When the idea of forming ASEAN Economic Community was initiated, the primary concern was making the region wealthy and safe.
For that purpose, a strong, highly-competitive region was formed so it could win in global economic competition and also strengthen the competition between the member countries. By lifting restrictions between member countries, like tariffs, the members are better connected to each other. This will have an impact on the distribution of goods and services, including human resources moving from one country to another. This condition then triggers two different perspectives.
On one hand, this condition opens large opportunities to improve the economy in each country. On the other hand, it creates new challenges for the ASEAN member countries.
When the hindrances in the movements of goods, services and people are removed, it would be easy for those components to enter a country. It means that competition will be tighter. Therefore, the receiving country is required to be able to survive the onslaught of incoming economic components.
One of the important components in qualified human resources is the mastery of foreign language, particularly English. The English skills of Indonesian people are still below average if compared to neighboring countries in South East Asia, like Malaysia, Singapore or The Philippines.
Tubagus Hanafi, MBA, MSi., the Program Director of the MM Executive at BINUS BUSINESS SCHOOL (BBS) pointed out the importance of having good English skills in the regional competition that will come soon. According to Hanafi, good English skills will help the person communicate well. “One of the weaknesses of Indonesian human resources is the language. By content, Indonesian human resources don’t lose competitiveness, but when they go abroad they have to use English; there they lose versus human resources from other countries, especially those that use English as the second language,” explained Hanafi.
The Head of Program at the Graduate School of Management at BBS, Dr. Pantri Heriyanti, S.E, M.Comm, also emphasized the importance of having good English. She said English communication skills are a must. “Communication is a vital thing, so English is a necessity. That’s why we at BBS require our students to have a good TOEFL score to answer this challenge,” she explained.
Applying English skills in educational institutions could be a way to improve the quality of Indonesian human resources. As an institution whose job it is to produce qualified human resources, higher education must find ways to make the quality of the human resources as high as the standard of the competition.
Besides applying the requirement of foreign language skill, another way that could be used by educational institutions is creating an international atmosphere for the learning activities, by using English text books and other references, using foreign lecturers, and accepting foreign students – either as regular students or exchange students.
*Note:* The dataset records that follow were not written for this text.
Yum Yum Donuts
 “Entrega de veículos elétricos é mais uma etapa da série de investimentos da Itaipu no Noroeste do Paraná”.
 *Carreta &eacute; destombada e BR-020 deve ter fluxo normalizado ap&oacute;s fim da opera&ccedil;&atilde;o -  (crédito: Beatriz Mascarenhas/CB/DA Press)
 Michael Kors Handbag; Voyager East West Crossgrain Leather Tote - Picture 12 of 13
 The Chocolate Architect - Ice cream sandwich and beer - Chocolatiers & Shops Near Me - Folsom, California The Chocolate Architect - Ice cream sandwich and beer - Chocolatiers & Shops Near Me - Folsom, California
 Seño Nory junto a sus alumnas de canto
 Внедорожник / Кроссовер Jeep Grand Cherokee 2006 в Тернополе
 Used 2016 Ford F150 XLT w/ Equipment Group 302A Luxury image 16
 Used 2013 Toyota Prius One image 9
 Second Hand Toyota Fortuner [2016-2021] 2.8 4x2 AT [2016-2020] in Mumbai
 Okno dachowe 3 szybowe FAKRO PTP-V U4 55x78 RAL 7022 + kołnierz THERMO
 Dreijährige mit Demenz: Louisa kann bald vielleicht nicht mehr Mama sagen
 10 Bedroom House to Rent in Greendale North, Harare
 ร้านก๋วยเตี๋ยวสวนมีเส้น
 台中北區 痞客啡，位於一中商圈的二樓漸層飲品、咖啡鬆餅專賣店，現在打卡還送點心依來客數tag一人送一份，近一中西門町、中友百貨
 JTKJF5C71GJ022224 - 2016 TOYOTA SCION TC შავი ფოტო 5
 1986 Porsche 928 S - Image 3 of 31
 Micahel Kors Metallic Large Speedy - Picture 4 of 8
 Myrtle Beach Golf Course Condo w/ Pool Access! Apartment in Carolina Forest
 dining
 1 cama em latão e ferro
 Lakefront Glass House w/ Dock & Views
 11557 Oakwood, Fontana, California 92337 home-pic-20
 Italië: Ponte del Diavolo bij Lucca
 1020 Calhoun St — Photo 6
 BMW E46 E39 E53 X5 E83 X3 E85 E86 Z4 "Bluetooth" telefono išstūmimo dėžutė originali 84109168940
“International standardization means the internationalization of an institution. Therefore, the standard application in the campus learning activities is needed, and there’ll be exchanges of knowledge, including language, not just the students’ physical presence,” said Rini Setiowati, SE, MBA., the Head of Program at the Graduate School of Marketing at BBS.
Rini added that by having an international atmosphere in the class, students could also get other benefits than just good English. For example, students could discuss many things, not only based on an Indonesian context. Class discussions would be livelier.
“Students could get more knowledge and benefits like how the businesses in their foreign friends’ countries are run. They could exchange views and widen their knowledge and global networking. Moreover, they could also see business opportunities in other countries,” she added.
Hanafi said the tendency to not seize business expansion potential was caused by many businesses in Indonesia being lulled by the huge domestic market of domestic. “There is a study saying many companies in Indonesia only become ‘jago kandang’ (local champions) because they are too focused on the domestic market. Actually there is also a foreign market that could be an opportunity to make business. Our market is large, but the growth isn’t,” he added.
Educational institutions like BBS have to understand business competition in the free market era. This is why the campus uses comprehensive materials from cases close to Indonesian industries to other business cases occurred in other countries. The purpose is making students able to see and learn the business situation in the South East Asian region.
“Other than studying case studies in our own country that we produce ourselves, we also study other case which happened in other countries, especially in ASEAN countries. The case studies we chose certainly are the ones that fit with the Indonesian condition,” Pantri said.
Looking at what has been applied at BBS, Hanafi, Pantri and Rini are optimistic that Indonesia is ready for the future in the AEC.